The Grand Ducal Court of Luxembourg has released six photos to mark Grand Duke Jean’s 97th Birthday, including one featuring three generations.
He was born Jean Benoît Guillaume Robert Antoine Louis Marie Adolphe Marc d’avians at Colmar-Berg on 5 January 1921, the eldest son of Grand Duchess Charlotte and Prince Félix of Luxembourg. He is also descended, on his father’s side, from French Kings, Louis IX and Louis XIV.
Prince Jean was educated in Luxembourg and completed secondary school at the Catholic boarding school Ampleforth College in the UK.
He became the Hereditary Grand Duke, as their heir-apparent, when he came of age on 5 January 1939.
World War II and Years in Exile
The Grand Ducal Family were forced into exile during World War II, after they were warned of an imminent German invasion. They originally sought refuge in France, Portugal, then the United States of America and Canada.

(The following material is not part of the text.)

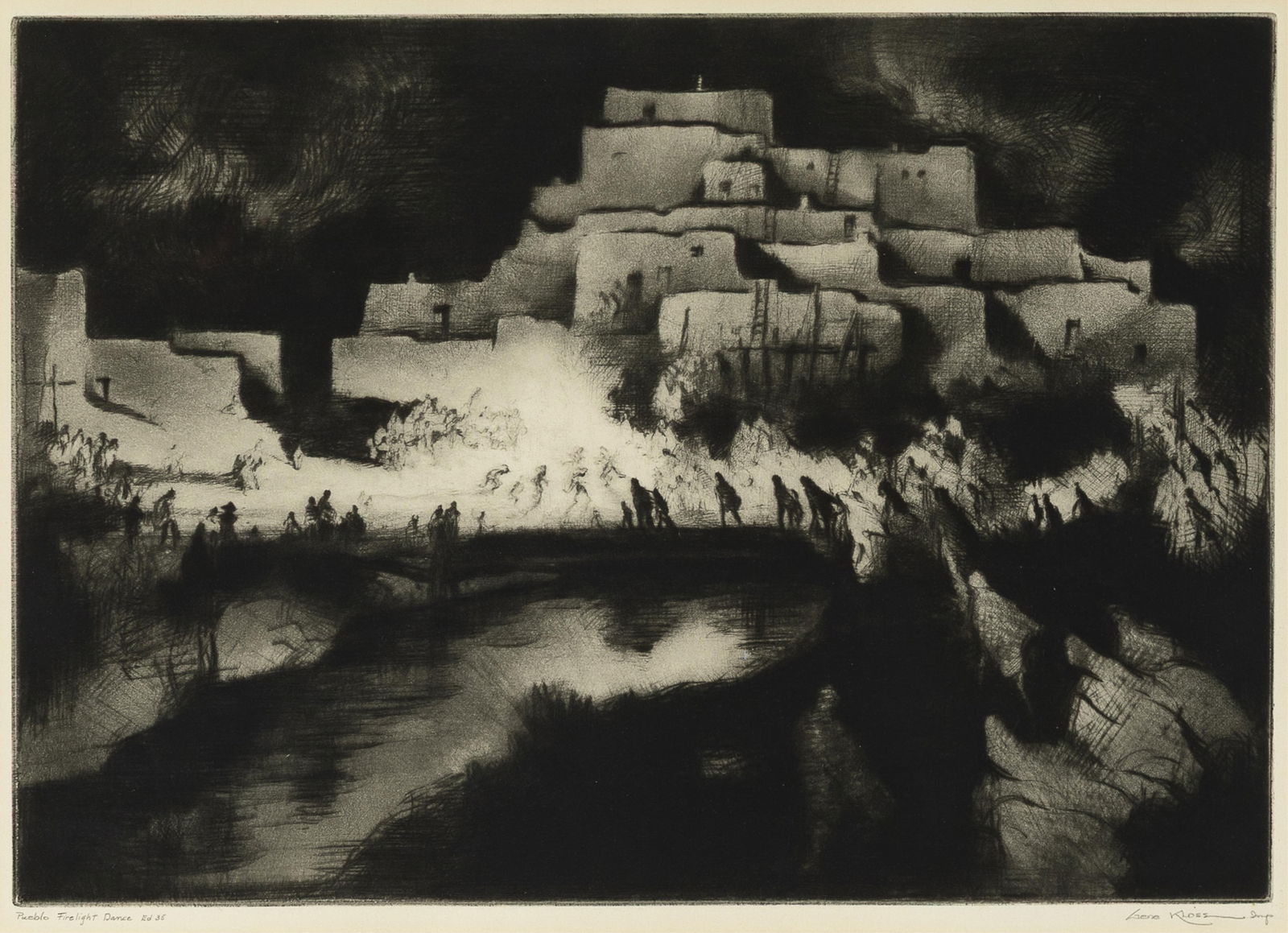 Gene Kloss, Pueblo Firelight Dance, 1952: Gene Kloss 1903 - 1996 Pueblo Firelight Dance, 1952 etching, edition of 35 titled and editioned lower left: Pueblo Firelight Dance Ed 35 signed lower right: Gene KLoss Imp 11 3/4 x 16 1/2 in. (29.8 x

However, on 6 October 1942, Prince Félix and the Hereditary Grand Duke arrived in Great Britain to join the British Army, Prince Jean joined the Irish Guards, following King George VI’s advice, and studied at the Military Academy at Sandhurst, where he obtained the rank of Second Lieutenant on 28 July 1943. He also addressed the people of Luxembourg via BBC radio on the same day.
In August 1943, Prince Jean served as a guard at Buckingham Palace and remembered his mother and sisters’ visit whilst on duty, as he had to remain motionless the whole time!
He landed in Normandy on 11 June 1944, as remember of a reinforcement unit, and took part in the Battle of Caen (Operation Goodwood) and the liberation of Brussels. He also served on the military staff of the 32nd brigade of the Guards Armoured Division in Normandy.
On 10 September 1944, he crossed the border at Rodange with his father, Prince Félix, and participated in the liberation of Luxembourg from Nazi occupation.
However, Prince Jean fought in the Battle of the Bulge to block the German route towards Antwerp.
Once the German resistance had been broken, Prince Jean, as part of the Guards Armoured Division began moving towards Bremen and Hamburg.
At the beginning of April 1945, Prince Jean received orders to return to Luxembourg to welcome his mother, Grand Duchess Charlotte who arrived home to an overjoyed population.
Grand Duke Jean was appointed as a Stranger Knight of Britain’s most prestigious order of chivalry, the Order of the Garter in 1972.
Queen Elizabeth II of Great Britain promoted Prince Jean to Colonel of the Irish Guards regiment on 21 August 1984 and made Honorary General of the British Army on 17 March 1995.
Prince Jean married Princess Josephine-Charlotte of Belgium at Luxembourg Cathedral. They set up home at the Château de Betzdorf where their five children, Princess Marie-Astrid, Prince Henri, Prince Jean, Princess Margaretha and Prince Guillaume were born.
His eldest daughter Marie-Astrid was once considered as an eligible bride for Prince Charles during the 1970s but a match was unlikely under the terms of the Act of Settlement 1701, which prevented the heir to the British monarchy marrying a Catholic.
Grand Duchess Charlotte signed her act of abdication on 12 November 1964, so Jean, the Hereditary Grand Duke, became the 8th Luxembourg sovereign since the Grand Duchy was founded in 1815.
His reign was one of the most prosperous ever known by the Grand Duchy which contributed to political, economic and social life in Luxembourg, and providing an unprecedented stability for the nation.
He ended his reign on 7 October 2000, stepping down in favour of his eldest son, Grand Duke Henri.
Grand Duke Jean is interested in environmental issues, protecting fauna and flora, and enjoys sports, photography and music.
He is the Chief Scout of the Luxembourg Boy Scouts Association; Honorary President of the Luxemburg Olympic and Sports Committee; Member and, since 1998, Honorary Dean of the International Olympic Committee.
Grand Duke Jean and Grand Duchess Joséphine-Charlotte moved to Fischbach Castle since 2002 in retirement. He has lived alone since his wife’s death in 2005.